Restate the listing that follows word for word, without its pictures.

Data shown ::
-*-

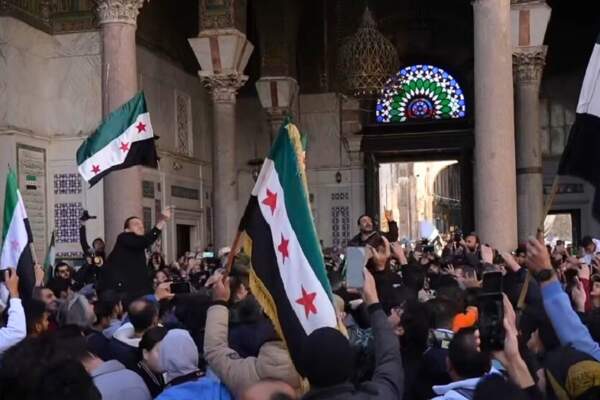 Syrie : la Révolution continue
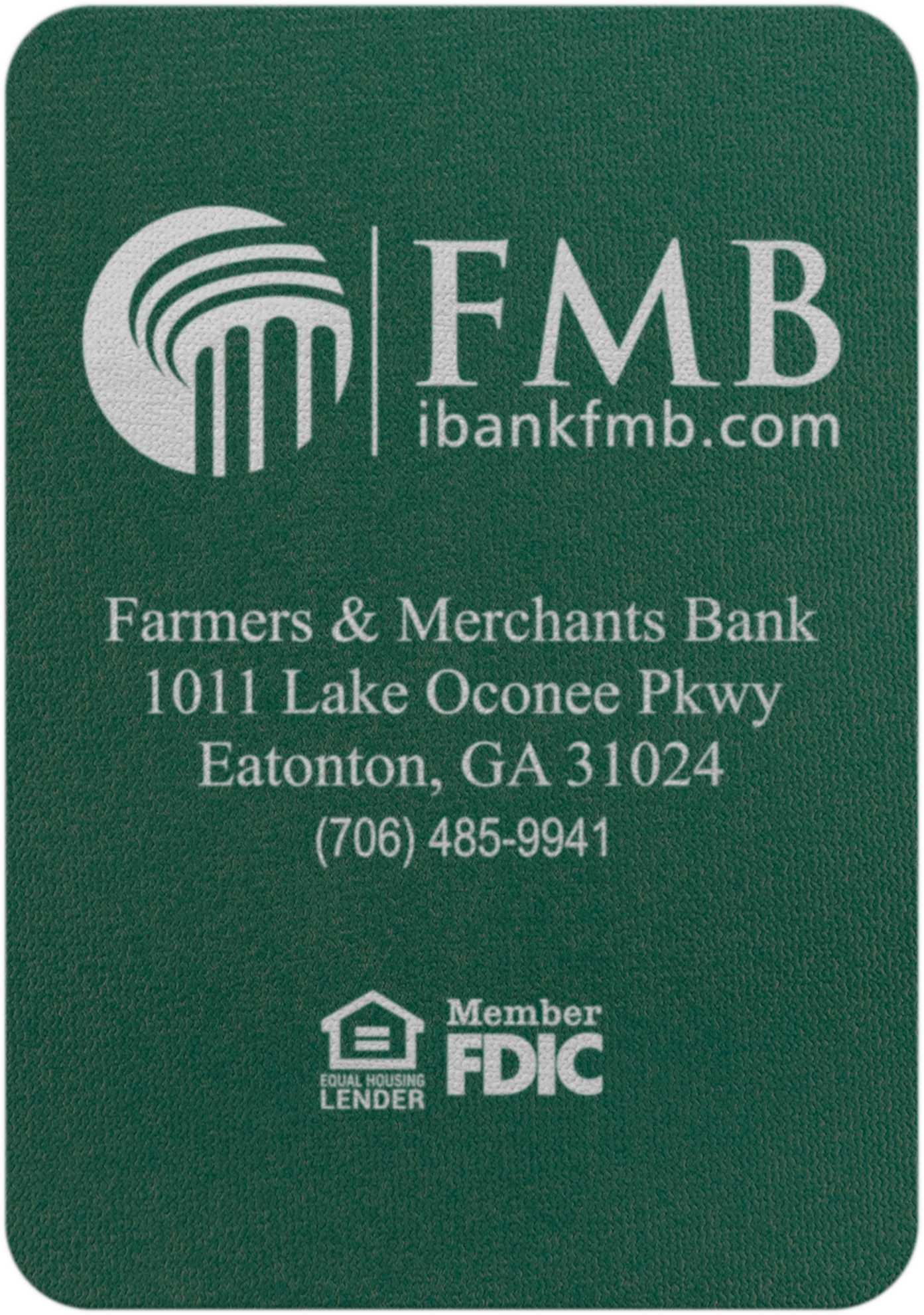 Grip-It™ Placemats Stock Shape 175 sq. in. - (Color) 107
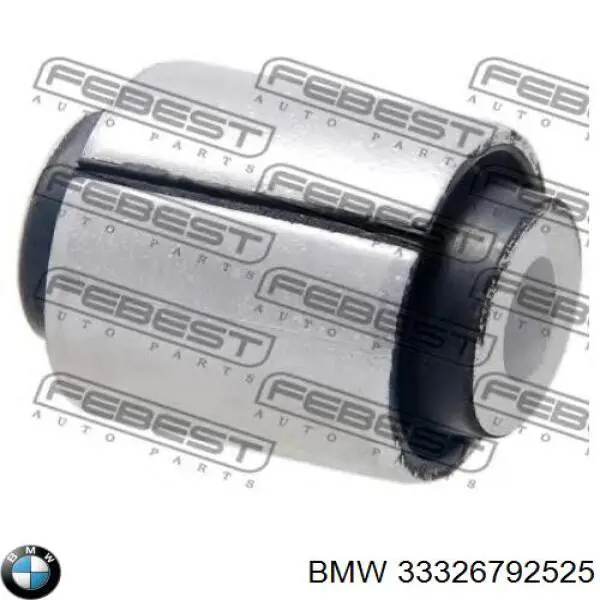 Brazo inferior trasero izquierdo/derecho BMW 33326792525 precio, desde 26,21 EUR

-*-

Response ::
 Syrie : la Révolution continue
 Grip-It™ Placemats Stock Shape 175 sq. in. - (Color) 107
 Brazo inferior trasero izquierdo/derecho BMW 33326792525 precio, desde 26,21 EUR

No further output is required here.